- Caption-style text data
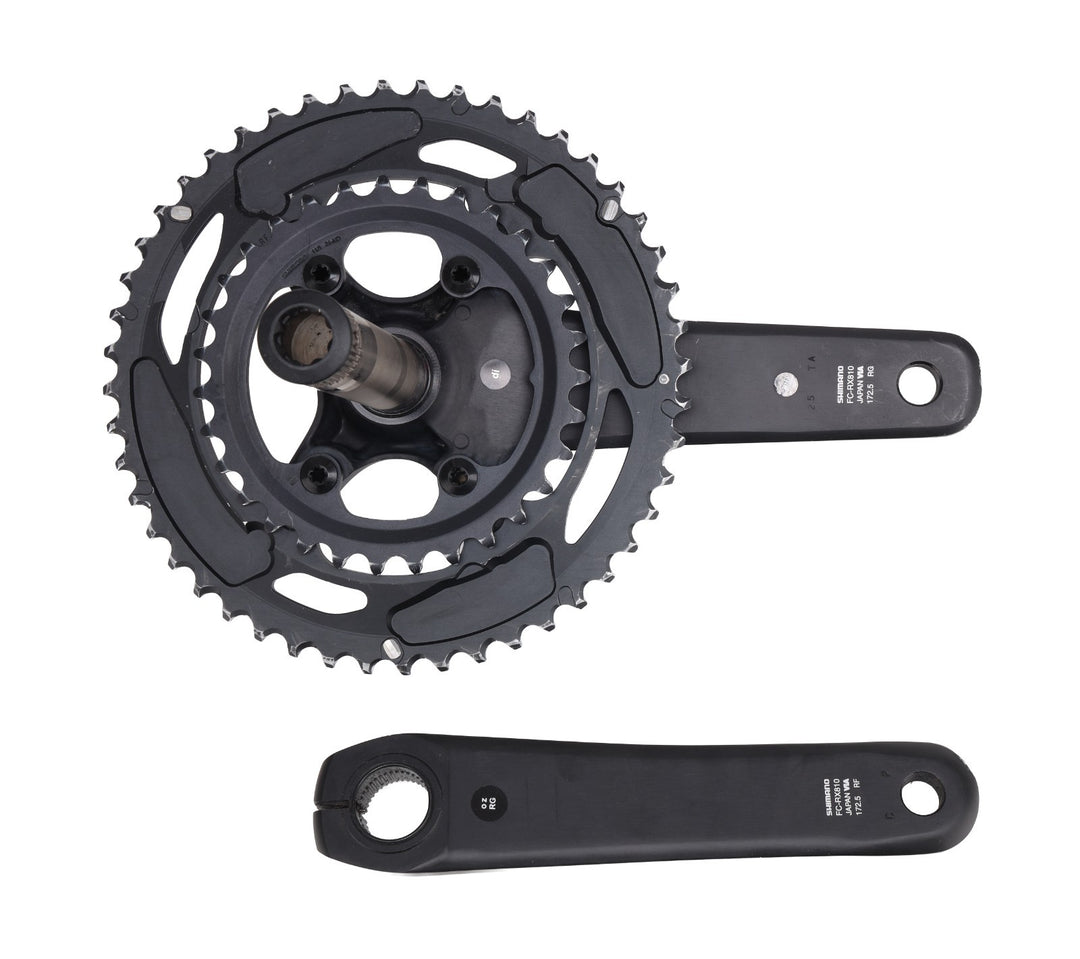 Shimano GRX FC-RX810 2 x 11 Speed Gravel Bike Alloy Crankset 172.5mm 48/31T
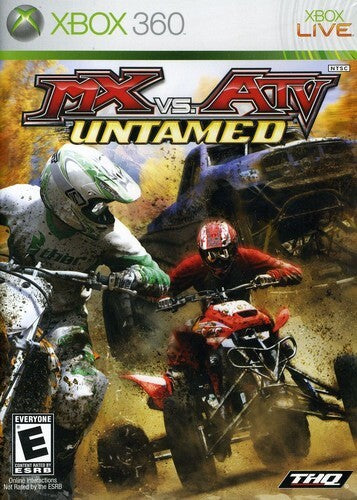 MX Vs. ATV Untamed - Xbox 360. No Artwork. No Manual. Disc Only. New Case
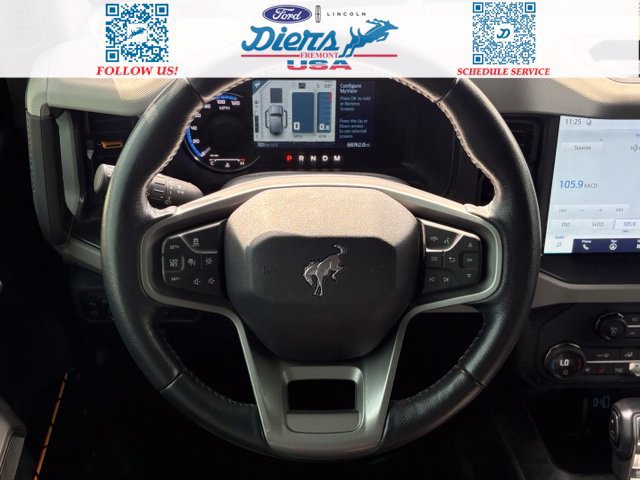 Certified 2021 Ford Bronco Badlands AWD/4WD image 20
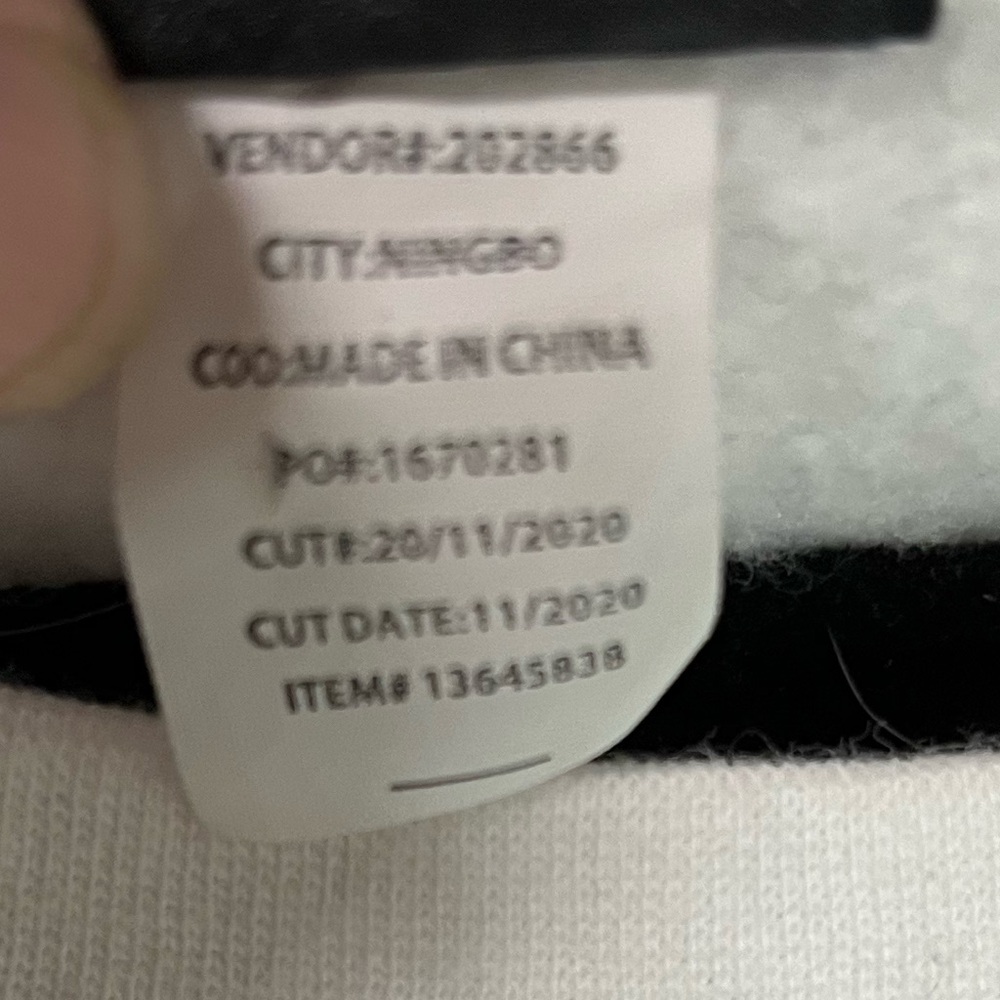 Star Wars Ahsoka Tano Her Universe Crewneck Sweater 3X - Picture 5 of 9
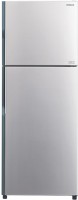 Photos - Fridge Hitachi R-V472PU3 SLS silver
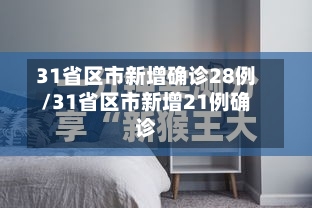 31省区市新增确诊28例/31省区市新增21例确诊-第2张图片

- Requirement
What you return should match the records line for line, minus the pictures.

- Result
 Shimano GRX FC-RX810 2 x 11 Speed Gravel Bike Alloy Crankset 172.5mm 48/31T
 MX Vs. ATV Untamed - Xbox 360. No Artwork. No Manual. Disc Only. New Case
 Certified 2021 Ford Bronco Badlands AWD/4WD image 20
 Star Wars Ahsoka Tano Her Universe Crewneck Sweater 3X - Picture 5 of 9
 Photos - Fridge Hitachi R-V472PU3 SLS silver
 31省区市新增确诊28例/31省区市新增21例确诊-第2张图片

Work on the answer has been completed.